Raw data –
══════

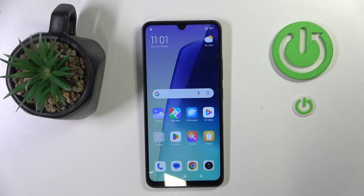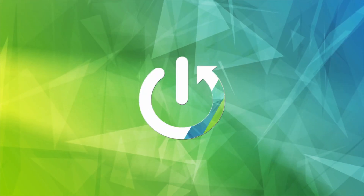Hello, in this video I will show you how to enable a portable hotspot on Redmi 14R.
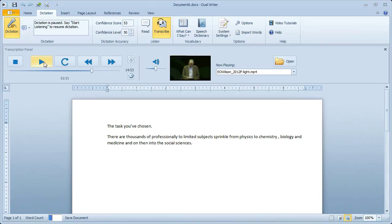For a difficult subject like this one, you'll find that dictation is a great way to move through your work much faster than you could ever type it. Thank you. That concludes the demonstration of DualWriter with the new transcription feature in version 2.0.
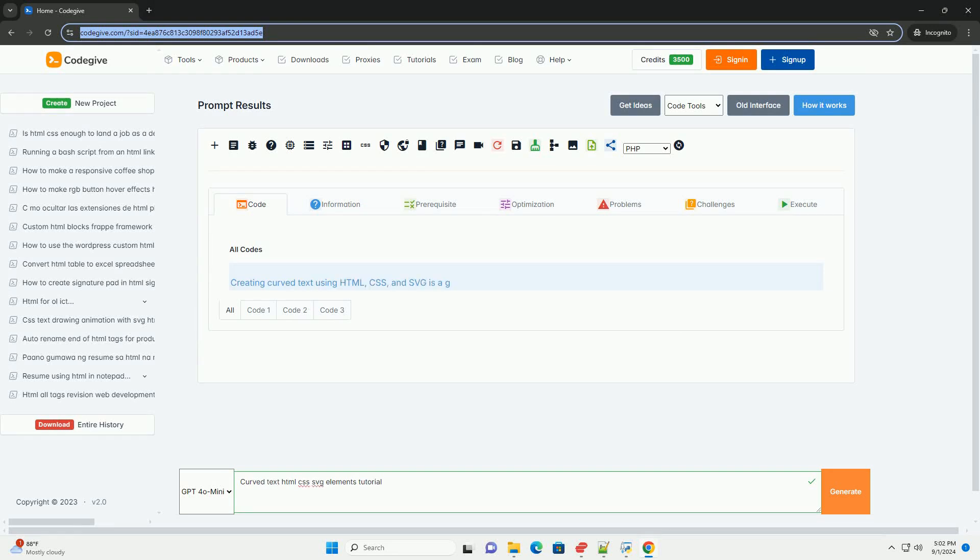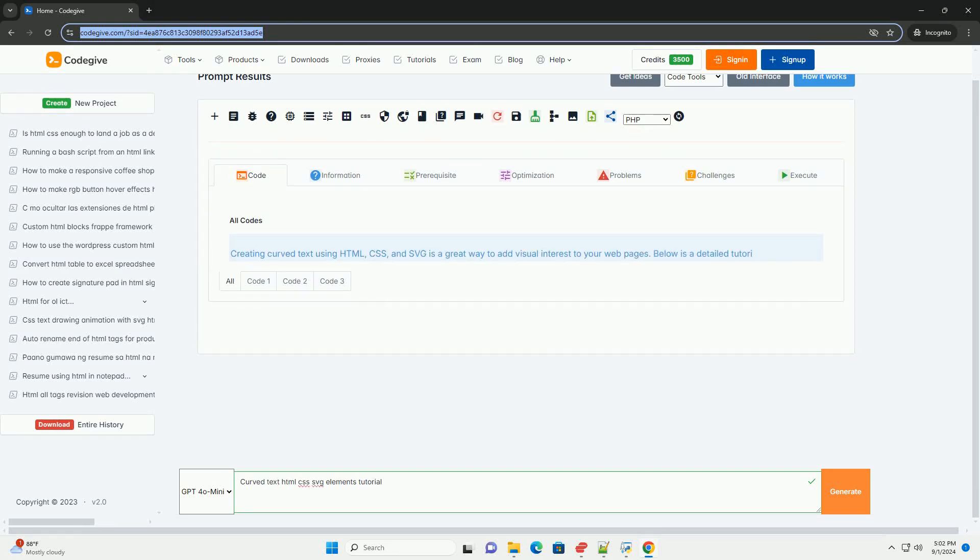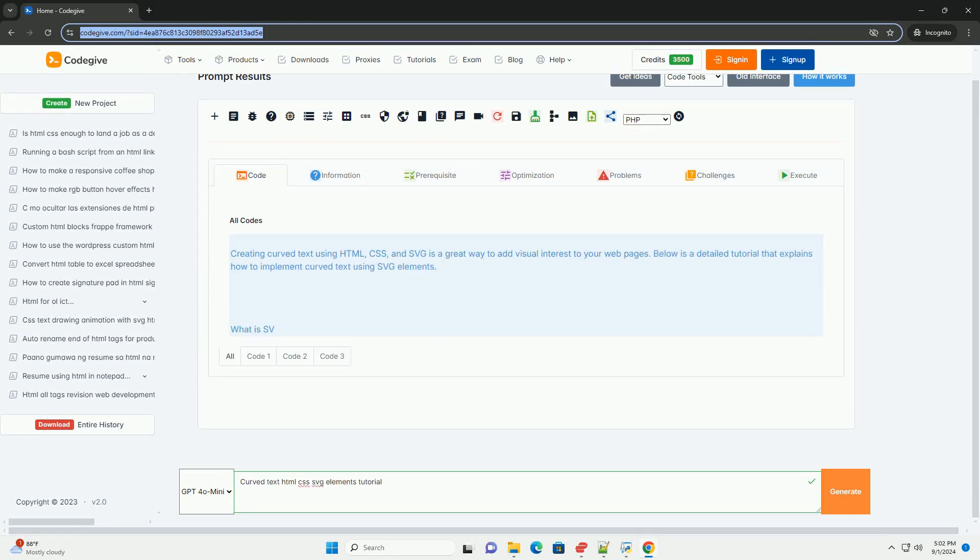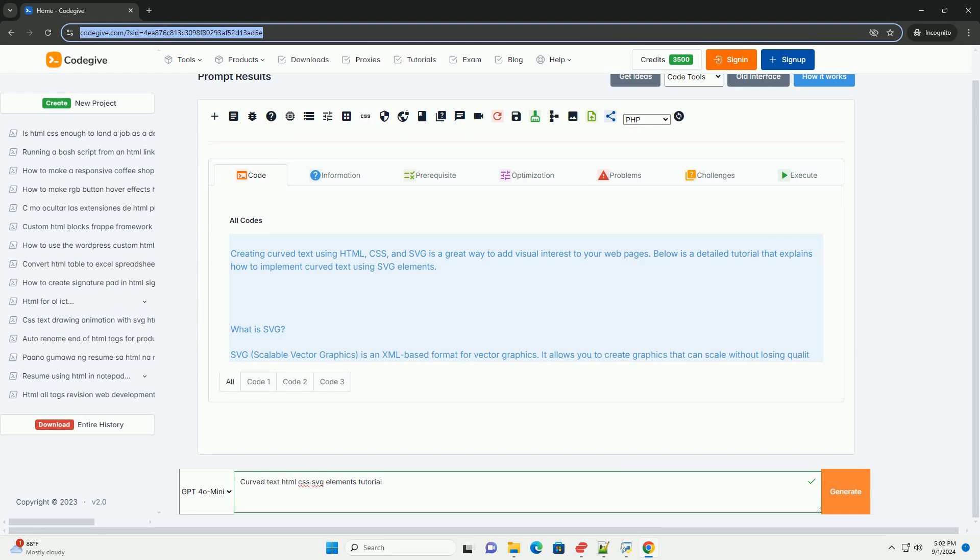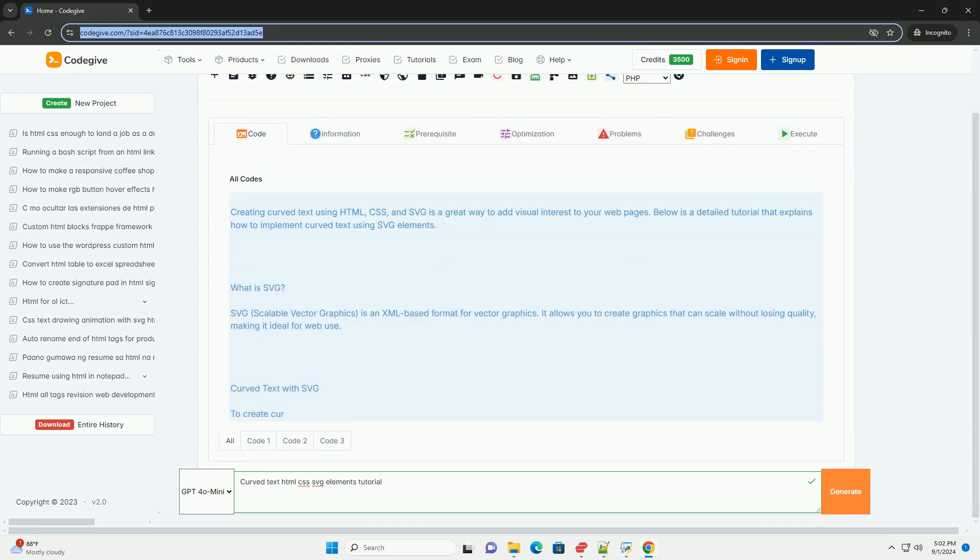Download the code from kadegiv.com. Link in description. Creating curved text using HTML and SVG.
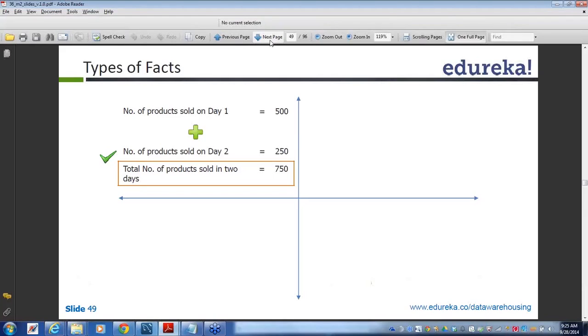Let's see what are the different kinds of fact tables. We have seen the different kinds of dimension tables. Similarly, there are types of fact tables.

══════

Task directions – Pictures excluded, write out exactly and only the lines of the material from the one containing "Download the code" up to and including the last line.

Task solution –
Download the code from kadegiv.com. Link in description. Creating curved text using HTML and SVG.
Let's see what are the different kinds of fact tables. We have seen the different kinds of dimension tables. Similarly, there are types of fact tables.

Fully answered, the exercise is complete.